The 1 1/2 coils will hold everything but the coyotes.


----------



## DavidUnderwood (Jul 5, 2007)

I've caught a few coyotes and oodles
of bobcats in 1 1/2. If I was buying traps
for either specie I'd go #2. (or bigger)
1 1/2 is a versatile size, good for mink,
muskrat, **** and fox.


----------



## Haggis (Mar 11, 2004)

I prefer snares, then conibear traps (*X* traps, then leghold traps as ultimate last resort. Once upon a time thought the #1 1/2 coil spring was the end all be all, and maybe in some ares it still is, but I now prefer a #2 coil spring as a great all purpose trap.

Old #2 coils can be used for muskrats, where there is water enough to drown the rat; the #2 being heavier than some other more muskratty traps put them down a wee bit quicker, certainly the #2 has a larger "kill area". 

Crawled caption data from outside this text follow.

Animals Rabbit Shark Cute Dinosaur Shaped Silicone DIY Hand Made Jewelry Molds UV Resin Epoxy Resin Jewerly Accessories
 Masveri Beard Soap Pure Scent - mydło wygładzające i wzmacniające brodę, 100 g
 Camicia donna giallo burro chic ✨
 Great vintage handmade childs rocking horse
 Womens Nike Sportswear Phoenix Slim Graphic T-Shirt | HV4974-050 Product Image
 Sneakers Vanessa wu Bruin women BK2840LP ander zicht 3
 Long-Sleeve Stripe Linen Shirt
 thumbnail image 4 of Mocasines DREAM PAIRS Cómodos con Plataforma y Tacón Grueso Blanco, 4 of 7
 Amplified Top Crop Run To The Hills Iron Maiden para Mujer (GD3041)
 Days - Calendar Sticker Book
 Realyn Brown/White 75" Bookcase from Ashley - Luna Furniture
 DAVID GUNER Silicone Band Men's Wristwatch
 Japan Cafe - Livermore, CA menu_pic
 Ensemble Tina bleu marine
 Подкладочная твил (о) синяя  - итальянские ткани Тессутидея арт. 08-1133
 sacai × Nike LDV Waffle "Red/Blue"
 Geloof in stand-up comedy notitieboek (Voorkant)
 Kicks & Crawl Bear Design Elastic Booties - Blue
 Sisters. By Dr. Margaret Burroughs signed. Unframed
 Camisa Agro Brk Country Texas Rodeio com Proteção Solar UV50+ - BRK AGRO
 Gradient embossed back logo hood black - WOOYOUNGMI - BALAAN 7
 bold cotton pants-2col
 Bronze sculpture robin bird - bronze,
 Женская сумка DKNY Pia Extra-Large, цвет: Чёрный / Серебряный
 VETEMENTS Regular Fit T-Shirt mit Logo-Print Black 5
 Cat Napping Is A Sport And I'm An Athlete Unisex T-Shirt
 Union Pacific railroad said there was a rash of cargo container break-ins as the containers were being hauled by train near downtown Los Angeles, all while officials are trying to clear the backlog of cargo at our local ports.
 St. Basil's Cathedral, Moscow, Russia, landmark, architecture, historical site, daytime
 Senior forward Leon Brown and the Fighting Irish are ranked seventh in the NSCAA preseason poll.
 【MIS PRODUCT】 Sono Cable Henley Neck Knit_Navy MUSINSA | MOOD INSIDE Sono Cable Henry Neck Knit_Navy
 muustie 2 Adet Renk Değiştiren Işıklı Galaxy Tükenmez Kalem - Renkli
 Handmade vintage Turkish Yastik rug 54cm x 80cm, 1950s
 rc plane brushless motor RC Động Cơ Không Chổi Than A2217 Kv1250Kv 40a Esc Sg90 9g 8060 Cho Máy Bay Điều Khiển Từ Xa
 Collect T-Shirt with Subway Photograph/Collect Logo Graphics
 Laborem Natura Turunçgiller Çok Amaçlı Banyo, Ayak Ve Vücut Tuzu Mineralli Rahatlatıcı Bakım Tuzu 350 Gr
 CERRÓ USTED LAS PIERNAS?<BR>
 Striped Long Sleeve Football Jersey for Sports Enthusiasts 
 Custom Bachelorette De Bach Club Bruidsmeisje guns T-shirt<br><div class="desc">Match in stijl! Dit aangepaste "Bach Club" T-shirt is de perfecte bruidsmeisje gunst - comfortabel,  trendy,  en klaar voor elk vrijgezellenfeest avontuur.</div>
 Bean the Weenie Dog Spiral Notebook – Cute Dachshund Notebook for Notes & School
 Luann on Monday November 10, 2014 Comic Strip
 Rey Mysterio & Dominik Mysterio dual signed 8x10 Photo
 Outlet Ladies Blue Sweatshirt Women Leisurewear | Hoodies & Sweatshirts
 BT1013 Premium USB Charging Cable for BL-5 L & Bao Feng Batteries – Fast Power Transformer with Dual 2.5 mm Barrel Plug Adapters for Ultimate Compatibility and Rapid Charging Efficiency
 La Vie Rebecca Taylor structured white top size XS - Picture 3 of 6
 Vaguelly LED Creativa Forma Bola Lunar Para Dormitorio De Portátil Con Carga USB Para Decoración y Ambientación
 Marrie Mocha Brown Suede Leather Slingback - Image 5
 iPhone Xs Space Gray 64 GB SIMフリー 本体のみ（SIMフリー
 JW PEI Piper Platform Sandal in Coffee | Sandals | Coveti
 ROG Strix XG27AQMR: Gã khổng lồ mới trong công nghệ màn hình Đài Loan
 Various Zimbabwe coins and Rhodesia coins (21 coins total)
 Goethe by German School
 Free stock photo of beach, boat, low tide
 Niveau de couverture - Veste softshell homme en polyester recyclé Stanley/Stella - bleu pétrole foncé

"***** can be a problem to hold in any leghold trap; they don't seem to too much mind cutting foot, but #2's can be rigged to drown them as well, with a slide wire. 

Mink have litte feet, and may not pass a trap more than once every couple of weeks; that is if the guy down the creek a way doesn't get him. A body can pop rivet a tin can lid to a #2 trap pan and increase the "kill area" of the trap, then set them to drown the mink.

Foxes and Coyote don't too much mind a #2 coil trap, and again, for the fox and the coyote there is the extra size of the pan and jaw opening; add lots of swivels.

Some trappers even take beaver, front foot catch only on a drowning wire, in #2 coils.

Again, I prefer snares, followed closely by *X *traps, then leghold traps as the very last resort.


----------



## Oldcountryboy (Feb 23, 2008)

Thanks everyone. I would like to use snares and body traps, but our law just doesn't go for it. Don't know why? Don't want to hurt all the house cats running around in the woods I guess. 

But I might go ahead and try a few since I'm gonna be setting some in my own back yard. Other then that then I guess I will order mostly #2 coil springs and maybe a few #1 1/2's.


----------



## DavidUnderwood (Jul 5, 2007)

I've caught more than a few beaver by
front foot in a 1 1/2. In NC snares are
only legal for beaver, so not on dry land.








With no cuts


----------